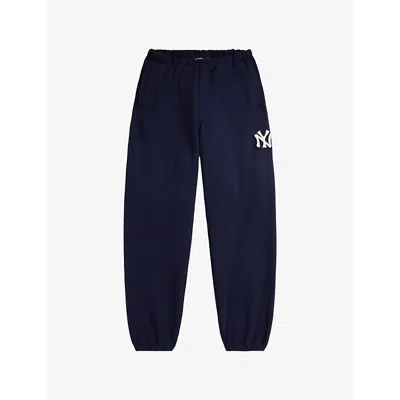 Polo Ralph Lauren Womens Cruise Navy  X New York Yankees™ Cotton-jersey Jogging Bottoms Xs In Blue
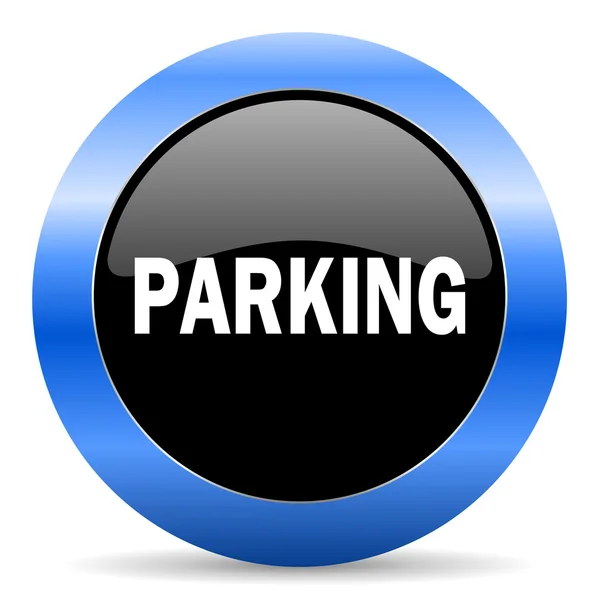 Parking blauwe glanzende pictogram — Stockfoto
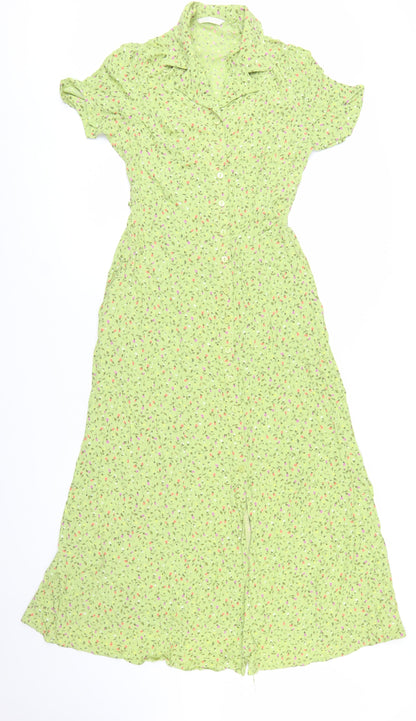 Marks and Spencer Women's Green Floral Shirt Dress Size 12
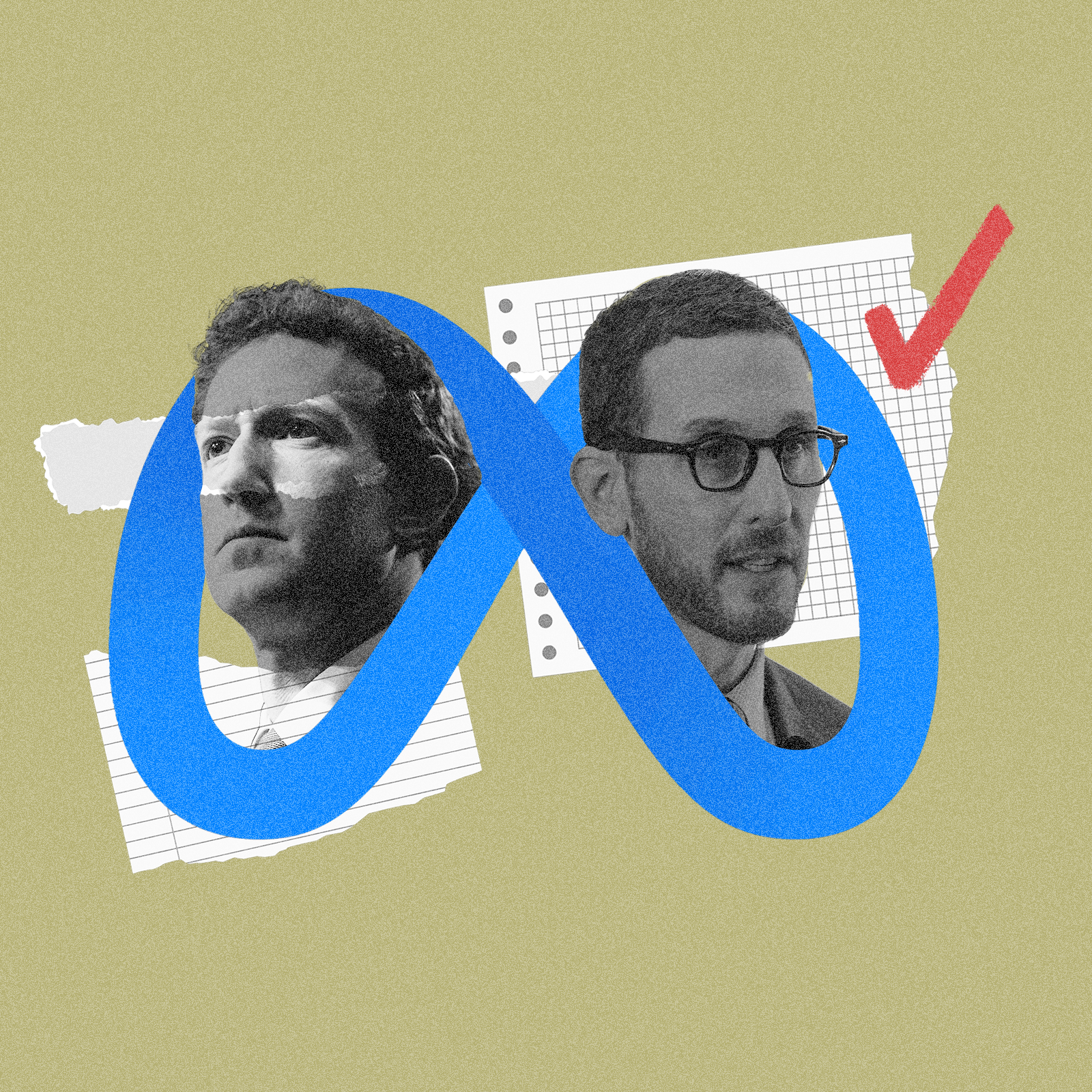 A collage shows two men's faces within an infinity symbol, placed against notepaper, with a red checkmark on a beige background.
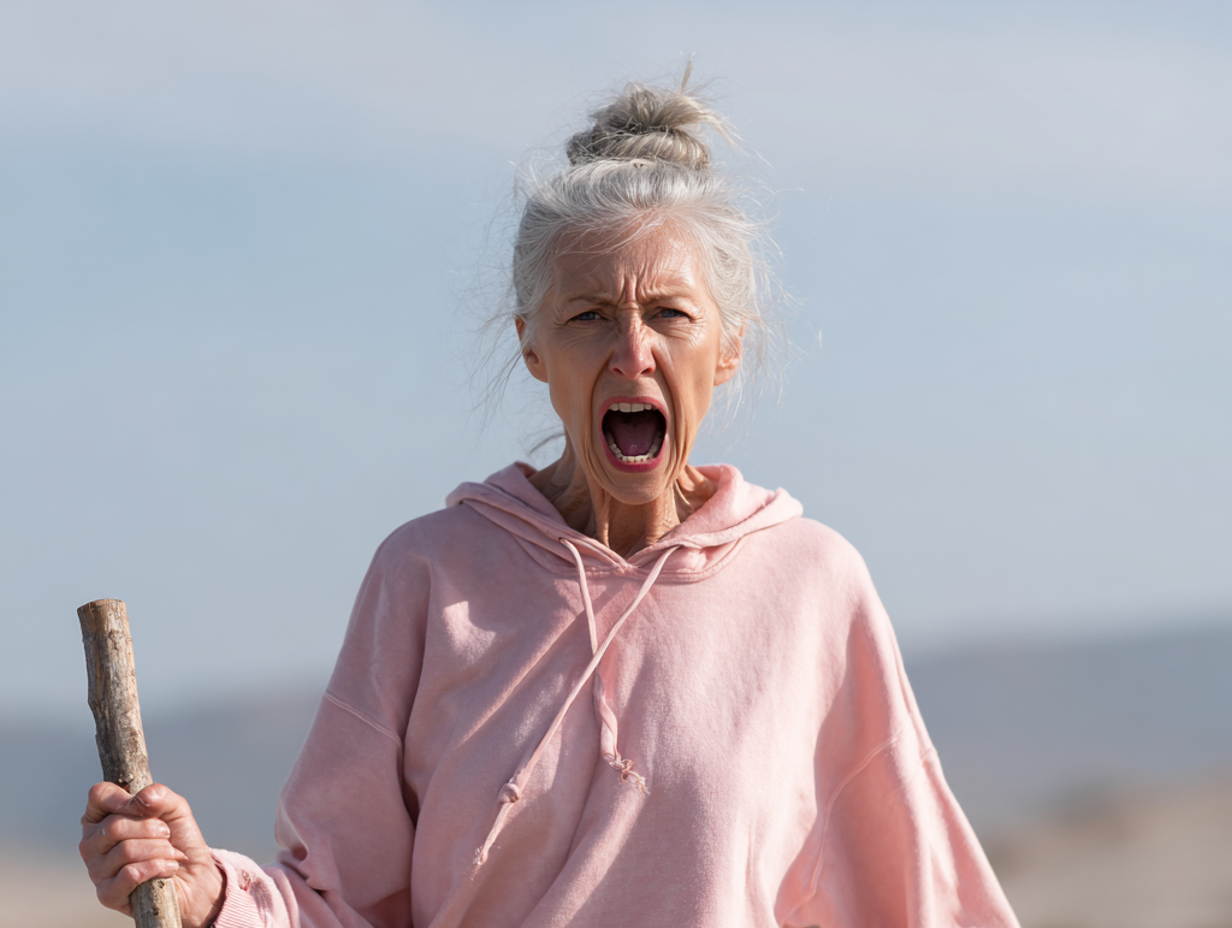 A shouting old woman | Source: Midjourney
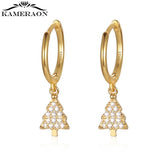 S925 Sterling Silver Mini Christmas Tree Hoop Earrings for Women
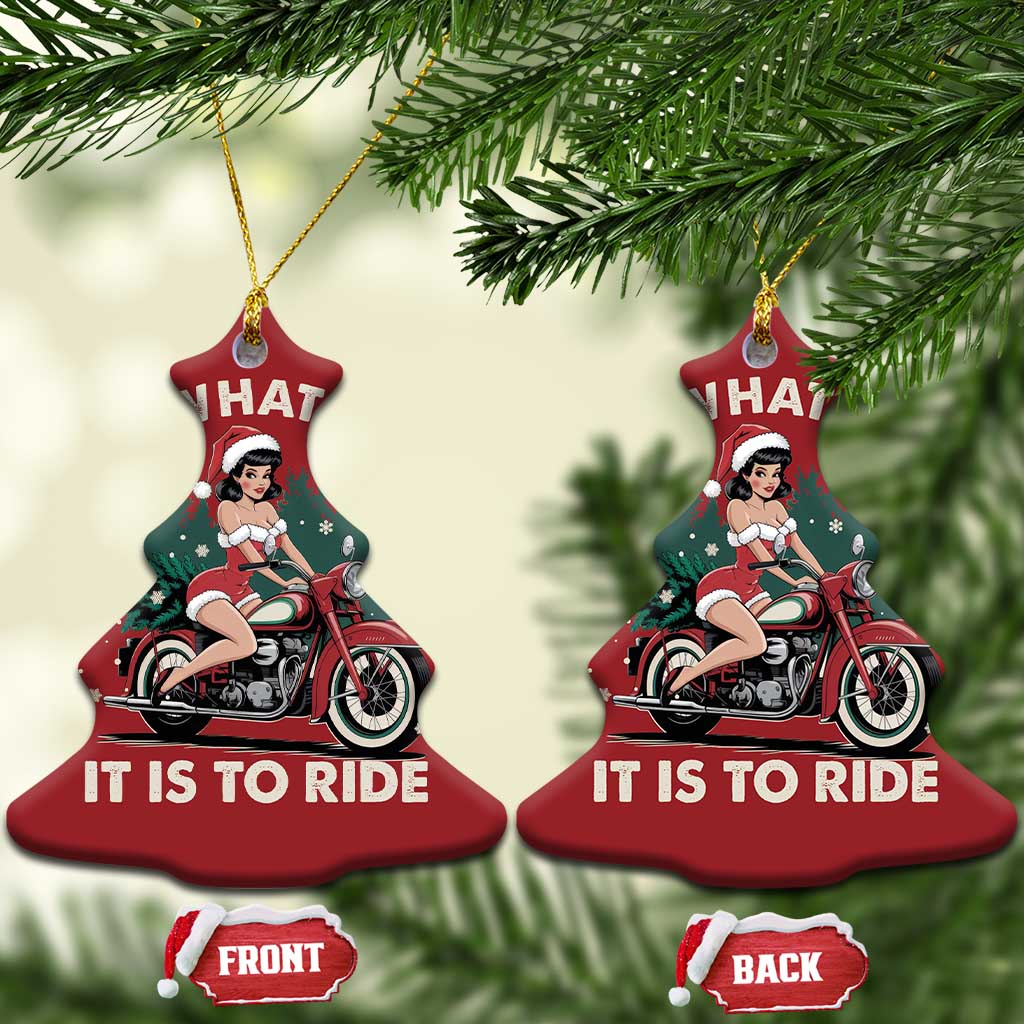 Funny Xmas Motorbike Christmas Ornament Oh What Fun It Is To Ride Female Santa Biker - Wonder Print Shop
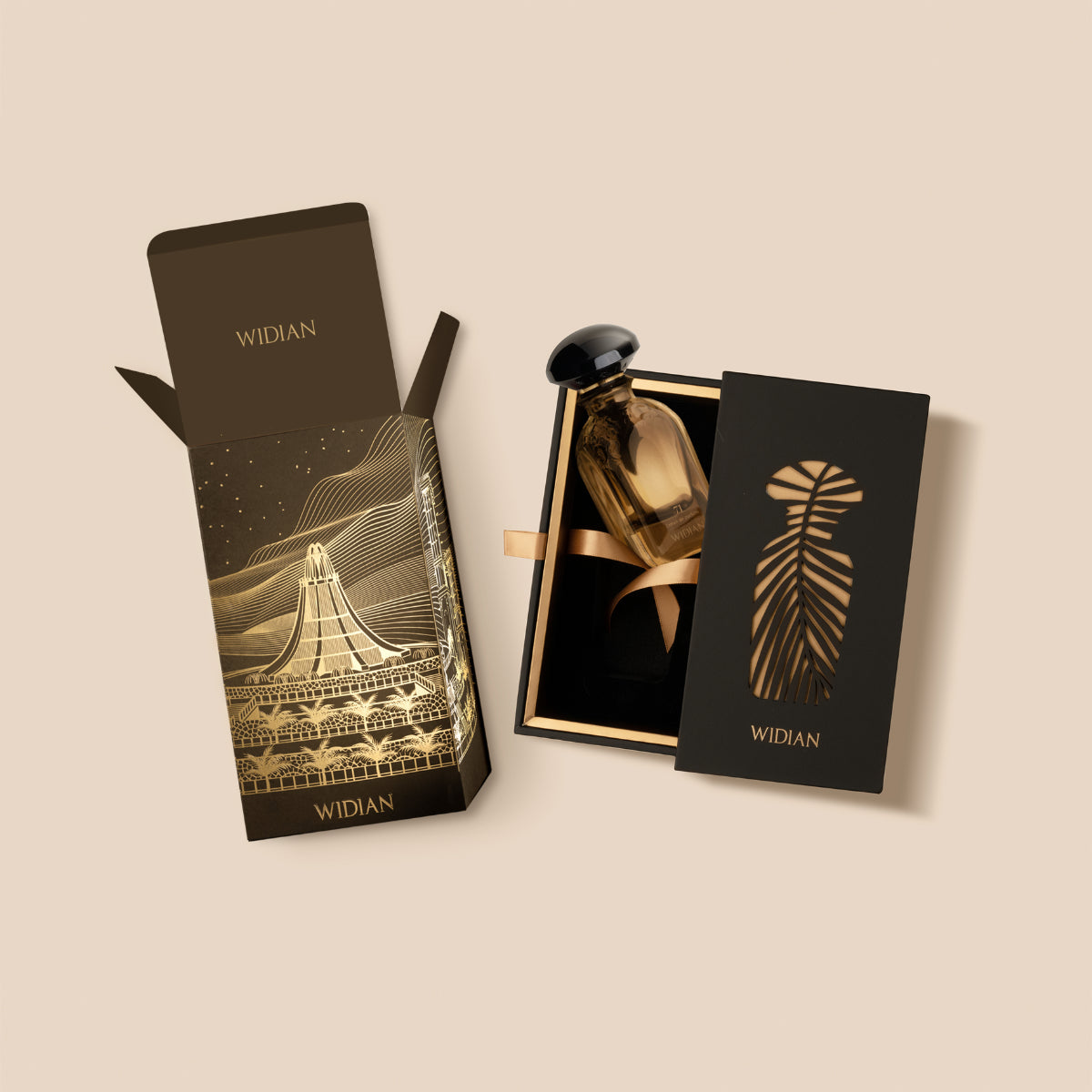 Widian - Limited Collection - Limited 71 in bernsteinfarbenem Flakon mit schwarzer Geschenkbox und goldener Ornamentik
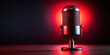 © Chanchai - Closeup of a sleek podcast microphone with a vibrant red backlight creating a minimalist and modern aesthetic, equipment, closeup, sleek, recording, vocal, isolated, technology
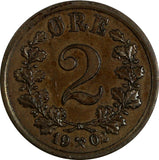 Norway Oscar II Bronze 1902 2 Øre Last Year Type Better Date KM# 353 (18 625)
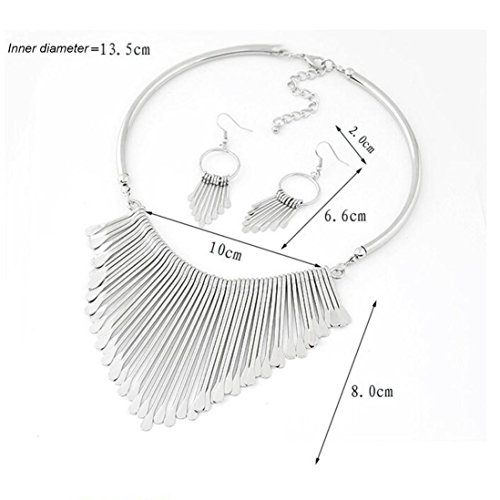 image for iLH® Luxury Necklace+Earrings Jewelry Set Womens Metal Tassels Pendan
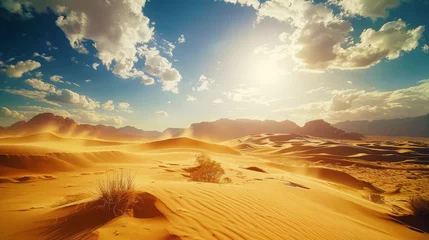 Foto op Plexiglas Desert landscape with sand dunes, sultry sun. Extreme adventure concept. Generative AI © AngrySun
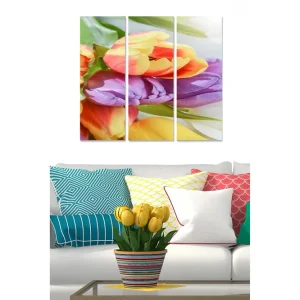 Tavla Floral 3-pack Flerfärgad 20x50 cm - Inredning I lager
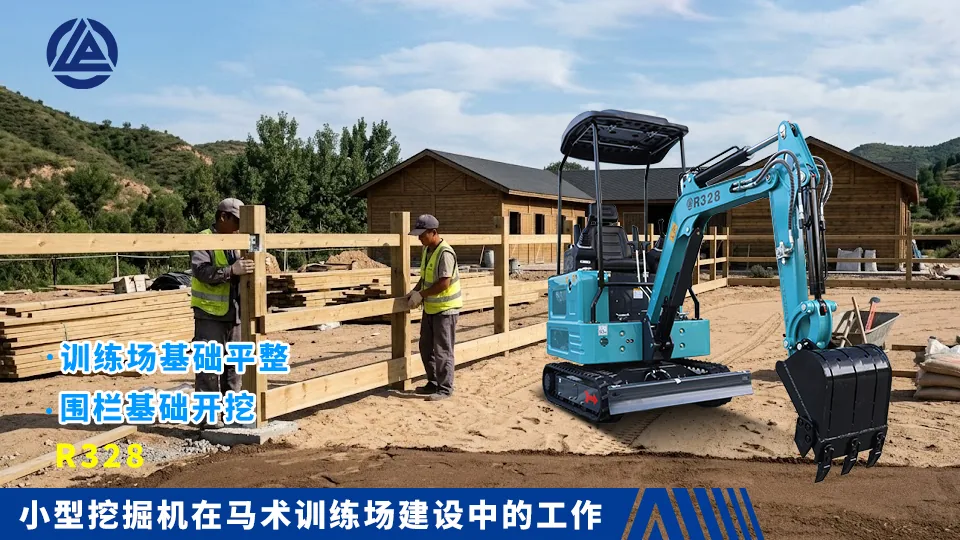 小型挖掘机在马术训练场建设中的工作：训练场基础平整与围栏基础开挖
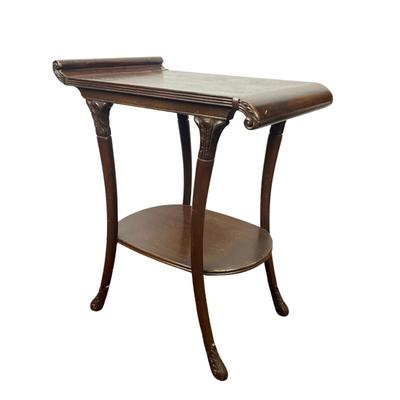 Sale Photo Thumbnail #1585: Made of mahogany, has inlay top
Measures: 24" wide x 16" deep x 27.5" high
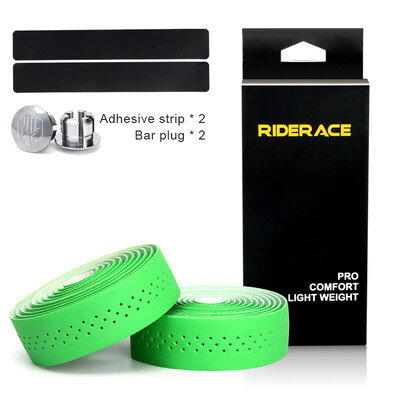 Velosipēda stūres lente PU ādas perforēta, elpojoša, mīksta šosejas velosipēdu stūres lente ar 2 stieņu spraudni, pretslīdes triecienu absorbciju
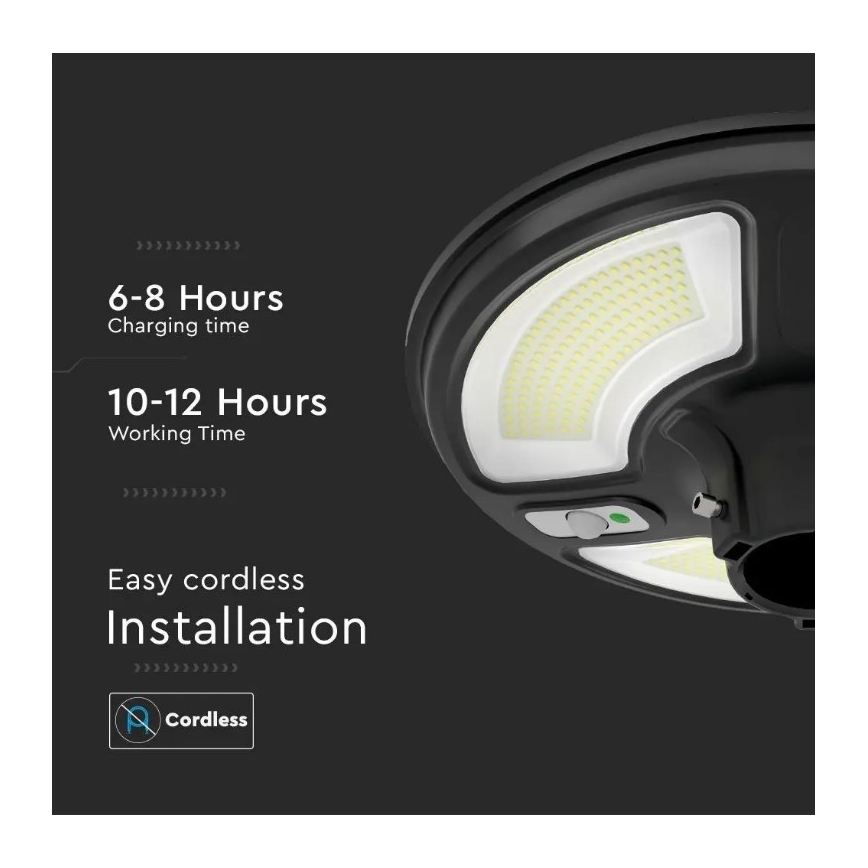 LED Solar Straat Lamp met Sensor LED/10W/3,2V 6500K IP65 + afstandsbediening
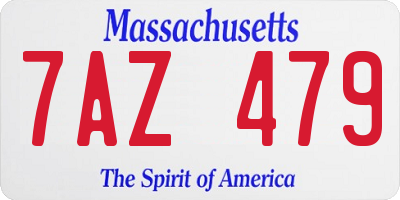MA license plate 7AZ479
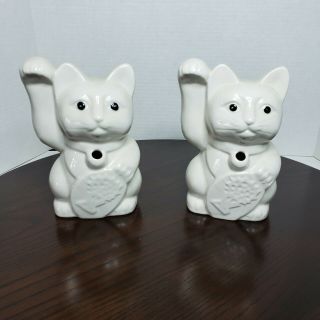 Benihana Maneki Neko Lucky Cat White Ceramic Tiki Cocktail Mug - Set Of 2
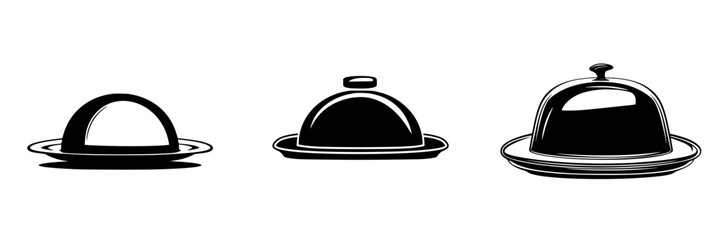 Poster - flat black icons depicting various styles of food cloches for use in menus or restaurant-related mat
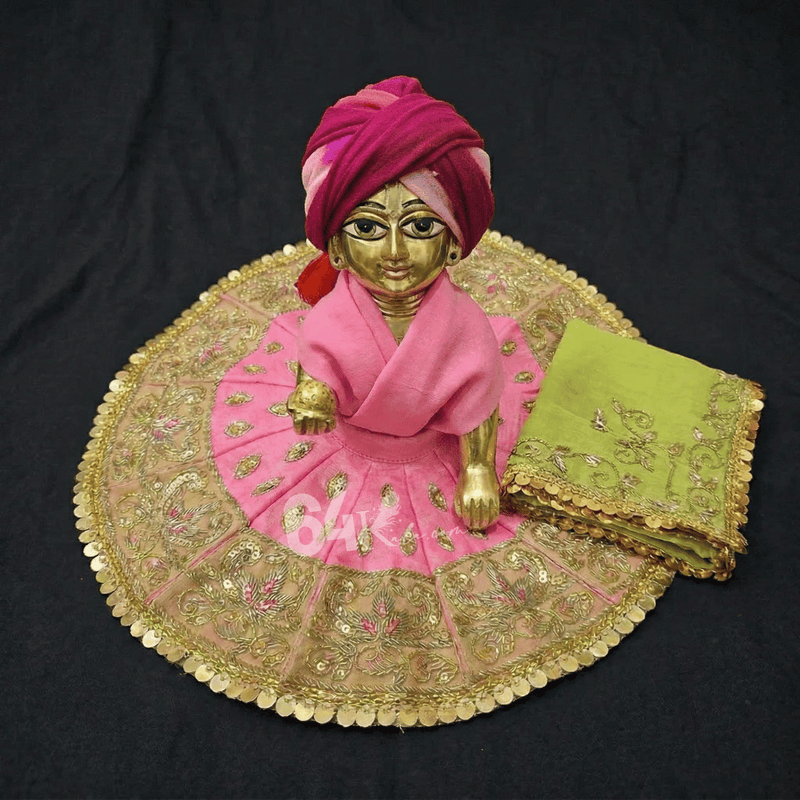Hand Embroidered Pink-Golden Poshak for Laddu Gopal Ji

Assigned task:
From the line containing "MA license plate 7AZ479" to the last line of the records, inclusive, output the lines exactly as written and nothing else; leave out the pictures.

Your response:
MA license plate 7AZ479
 Benihana Maneki Neko Lucky Cat White Ceramic Tiki Cocktail Mug - Set Of 2
 Poster - flat black icons depicting various styles of food cloches for use in menus or restaurant-related mat
Hand Embroidered Pink-Golden Poshak for Laddu Gopal Ji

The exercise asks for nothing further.